When Bill Gates was asked to forecast the digital future, he took to the stage at an industry event in Las Vegas and unveiled a Microsoft tablet. He was already using one as his everyday computer, he said, and predicted that within five years it would be "the most popular form of PC sold in America".
But that was in November 2001, and the stylus-operated Tablet PC launched a year later sank without a trace. This week, with the consumer release of Windows 8 and its matching Surface tablet, Microsoft is trying again.
To highlight its biggest new product since Windows 95, Microsoft is mobilising the kind of advertising budget rarely seen outside US presidential election campaigns, estimated at up to $1.8bn. Sales of PCs are declining, meaning the world's largest software company badly needs a popular vote for its move into mobile devices.

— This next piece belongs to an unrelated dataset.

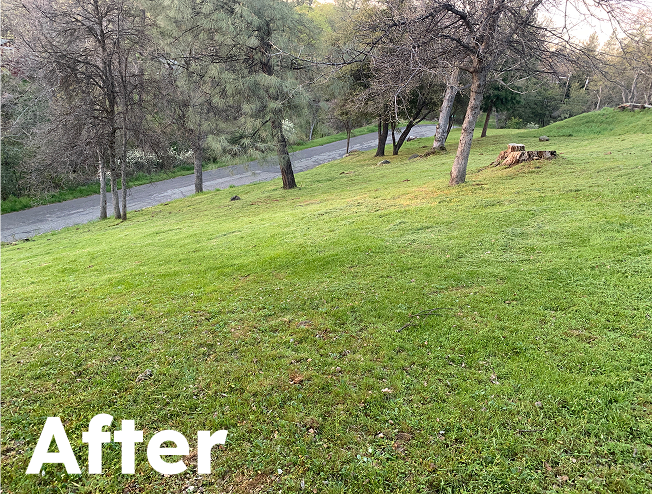 fire season weedwacking and brush clearance in sonora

"The future of personal computing is moving definitively away from PCs towards smartphones and tablets, and while Microsoft is extremely strong in PCs it has no meaningful presence in mobile devices," says digital forecaster Benedict Evans at Enders Analysis.

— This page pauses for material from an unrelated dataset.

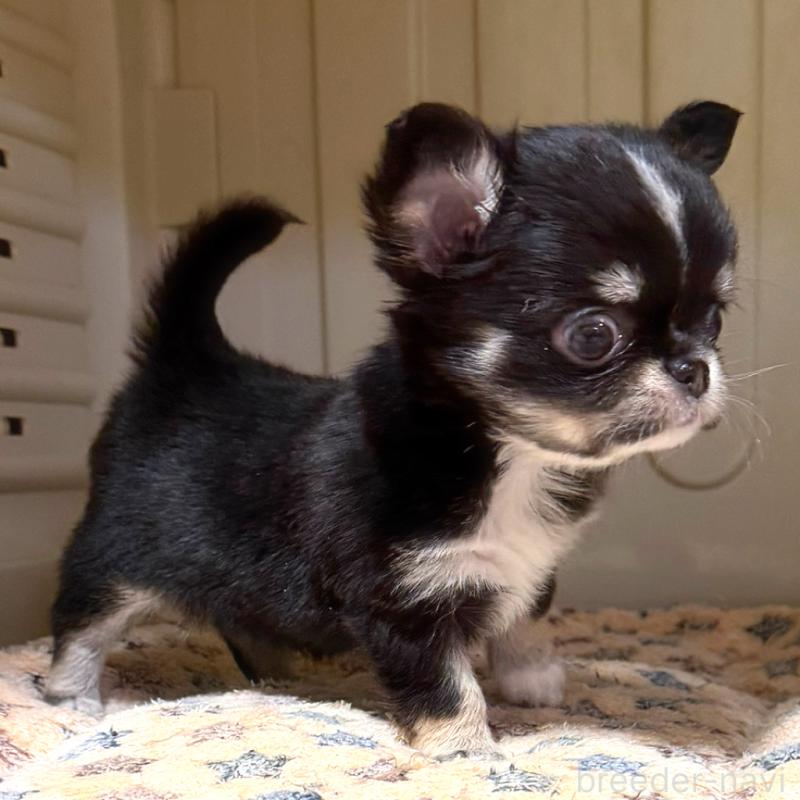 成約済の徳島県のチワワ(ロングコート)-436400の4枚目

These smaller, more portable computers can take photos, edit and share them. They can play music, or TV shows, display books and newspapers, search the internet, and offer faster, more sofa-friendly ways of emailing friends, online shopping and checking Facebook updates.
"The number of people who can do all or most of what they want to do on a tablet or a smartphone is growing," warns Evans. "That feeds into people using PCs less and spending less money on them."
There are around 1.3bn PCs running Windows software around the world, more than the 1bn smartphones Strategy Analytics estimates are in use today. Microsoft controls 95% of the PC market, but that market has shrunk 8% since last year globally, and by an even steeper 14% in the US, which sets the trend.
It is a trend that is denting the business models of much younger companies than Microsoft. Internet-age giants like Google and Facebook are feeling the impact too. Facebook's users are moving from the desktop to the smartphone, while its advertisers have been slower to make the transition.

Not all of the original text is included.